Lillie stood up, reached for Hodge’s black slicker, and tossed it to him.
Lillie was nearly six feet tall, with broad shoulders and a walk that some whispered looked a little like John Wayne. She’d been in law enforcement for nearly twenty years, working in Memphis, down in Tibbehah County, and now with the Marshals. She was stronger than most men, a better shot than all, and suffered few fools. Lillie reached for her Sig Sauer and Winchester 12-gauge while she waited for Hodge to follow.
“I haven’t seen Rose all week,” Lillie said. “That doesn’t exactly make me mother of the year now, does it?”
“Who’s driving?” Hodge said.
“Now you’re just trying to be cute,” she said. “With you behind the wheel, we’d be lucky to hit the state line by sunup.”
Charlie Hodge was in his last years as a Marshal, nearly twenty years Lillie’s senior. A wiry fellow with flinty blue eyes, gray hair, and a thin gray beard, he’d been both a Marine and an undercover agent in Mississippi, working for years against the Dixie Mafia.

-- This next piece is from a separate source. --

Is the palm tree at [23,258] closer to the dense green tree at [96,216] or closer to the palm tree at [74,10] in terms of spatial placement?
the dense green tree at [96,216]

They’d spent the day going over the mansion where those kids had hid out for two days on Lake Hamilton and later checking out the marina where they’d parked their boat and stolen a brand-new Kia Sorento.
“What about Quinn?” Hodge said, slipping into his jacket. “You gonna call him?”
“Rather not,” Lillie said, already headed to the staircase. “We didn’t leave things on the best terms.”
“And that Sheriff Lovemaiden in Parsham County?” Hodge said, walking in tandem with Lillie down the steps to the street.
“You trust that bastard?” Lillie asked.
“Me neither,” Lillie said. “He and Chester Pratt have gotten to be thick as thieves and neither one of them have got the sense God gave a squirrel to keep their fucking mouths shut. Gina Byrd was a good friend before she got on drugs and flushed her life down the toilet. Her people had quit on her. But I won’t.”
Lillie unlocked her Dodge Charger -- a special model called the Hellcat confiscated from a drug dealer in Orange Mound -- crawled behind the wheel, and pressed the starter. She revved the engine, making it growl and purr as Hodge got in. “Damn, Lil,” he said. “Can I at least buckle my belt?”
“Hold onto your nuts and call the locals,” she said. “We’re southbound and down. These goddamn kids aren’t getting away twice.”